Saber Teeth - Smilodon: The Deadliest Tiger
Saber Teeth – Smilodon: The Deadliest Tiger

Joseph Leidy discovered Smilodon fatalis in 1869. This saber-toothed was slightly smaller than the Smilodon Populator, weighing around 200 kg and just over a meter in height.

The saber-toothed Smilodon gracilis was discovered in 1880 by Edward Drinker Cope. It is the oldest of all Smilodon species and also the smallest because it weighed a maximum of 100 kg.

This showcased that they covered enough geographic area, so much so that their presence differed accordingly.

Saber Teeth - Smilodon: The Deadliest Tiger
Saber Teeth – Smilodon: The Deadliest Tiger

Characteristics Of Smilodon – Saber-Toothed

The Smilodon is the most popular prehistoric mammal, depicts in most documentaries and cartoons, such as the movie Ice Age. Their huge protruding canines from the sides of their mouths could be up to 7 inches long. So, you can probably imagine how exactly deadly its bite was.

What studies have shown is that it did not have a stronger jaw than the lion of today. Moreover, it could not bite and hold its prey when it moved. The Smilodon bite was for containing and immobilizing the prey on the ground.

It’s in these situations that their other canines accomplish the task, which was to shred the prey. So, imagine this- They were essentially a terror for all habitats, but also super necessary to them. The food chain truly started to evolve and take shape because of beasts like Smilodon.

Another characteristic of the saber tooth was its large musculature. In particular, Smilodon Populator was the largest, and it could weigh up to 400 kg. Its body was an endless web of muscles and fibers, probably a precursor to what big cats are at present.

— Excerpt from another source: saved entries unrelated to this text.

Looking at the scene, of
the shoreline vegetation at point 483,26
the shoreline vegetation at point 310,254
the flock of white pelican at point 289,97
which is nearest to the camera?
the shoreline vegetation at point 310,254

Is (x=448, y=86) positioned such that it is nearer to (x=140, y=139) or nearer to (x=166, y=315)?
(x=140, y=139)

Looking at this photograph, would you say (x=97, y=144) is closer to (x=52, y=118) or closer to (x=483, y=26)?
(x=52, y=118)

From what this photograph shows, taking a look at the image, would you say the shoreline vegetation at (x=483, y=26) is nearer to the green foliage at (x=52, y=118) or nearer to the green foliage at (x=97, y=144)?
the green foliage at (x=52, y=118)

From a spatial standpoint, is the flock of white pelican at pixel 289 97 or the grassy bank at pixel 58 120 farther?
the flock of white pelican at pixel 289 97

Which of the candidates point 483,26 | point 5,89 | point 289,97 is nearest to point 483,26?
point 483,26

Where And When The Saber Tooth Lived?

It lived in North and South America, from the Pliocene to the Pleistocene Ages, respectively. One of the reasons why it disappeared after this period is because of climate change.

So, it’s truly a thing of archeology and history that shall interest in prehistoric creatures. And, you can certainly find that their contribution is more than their fangs!